Abu 'Ali al-Husayn ibn 'Abd Allah ibn Sina, is understandably better known by the Latinised version of his name - Avicenna. He was one of the most outstanding of Arab physicians in an era when Arab medicine was the most advanced in the Western world.
He was born in 980 ad. in the town of Bukhara in Persia (now in the Uzbeckistan). He was by all accounts an infant prodigy, and had memorised the Koran and quantities of Arab poetry by the time he was ten years old. His father provided him with tutors in logic, metaphysics, arithmetic and other sciences until he outgrew his tutors, and continued to educate himself, in subjects including Islamic law, astronomy and medicine until he was 18.
By the age of 21 he was already famed for his mastery of allbranches of formal learning, and for his medical prowess, and became physician-in-chief to the hospital at Bhagdad. Inevitably, such a brilliant young man was invited to become personal physician to a succession of Caliphs, and almost equally inevitably, he attracted jealousy and intrigue, as a result of which he spent several periods in prison. Even in prison he continued to study and to write, and he is said to have had such a strong physique that he withstood ordeals that would have killed a lesser man.
His two most important books were the 'Kitab ash-shifa' - 'The Book of Healing', which dealt with natural sciences, psychology, astronomy and music as well as purely medical matters; and the great 'Canon of Medicine' in which he summarised the medical knowledge of his Greek, Roman and Arab predecessors and added to it from his own experience. These books were translated into Latin in the 12th century, at the same period when mediaeval scholars were also rediscovering the work of Hippocrates, Galen and Dioscorides, and in this way Avicenna became a very important influence on European medical thought for several centuries.

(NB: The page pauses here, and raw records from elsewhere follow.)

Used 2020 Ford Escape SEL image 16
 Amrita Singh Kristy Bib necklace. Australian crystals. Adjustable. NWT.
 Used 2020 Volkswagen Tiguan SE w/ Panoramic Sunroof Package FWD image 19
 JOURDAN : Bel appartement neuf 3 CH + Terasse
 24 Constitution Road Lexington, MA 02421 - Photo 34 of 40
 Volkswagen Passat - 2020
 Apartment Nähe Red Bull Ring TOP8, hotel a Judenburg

The importance of Avicenna to the history of aromatherapy is threefold, for he not only described accurately many hundreds of plants and their uses, and set down such accurate instructions on giving massage that they could be used as a teaching manual now, but he is credited with having discovered the method of distilling essential oils from flowers. See
Whether or not he personally made this discovery, which is not really proven, it is certain that attar of roses was produced in Persia during his lifetime, and there are some persuasive arguments for attributing the discovery to him. Apart from his all-round brilliance as a scientist, poet, doctor and scholar, Avicenna was an alchemist, and roses had a very specific significance in alchemical experiments. White roses and red roses held different symbolic importance and were used at different stages of the work. They were placed in a flask, or alembic, and heated with other materials, the vapour so produced being collected in another flask as it cooled. Roses heated in this way will produce a quantity of rosewater, with a very small amount of rose oil, or attar, floating on the surface. Such an attribution is, of course, somewhat speculative, but it fits the known facts about Avicenna.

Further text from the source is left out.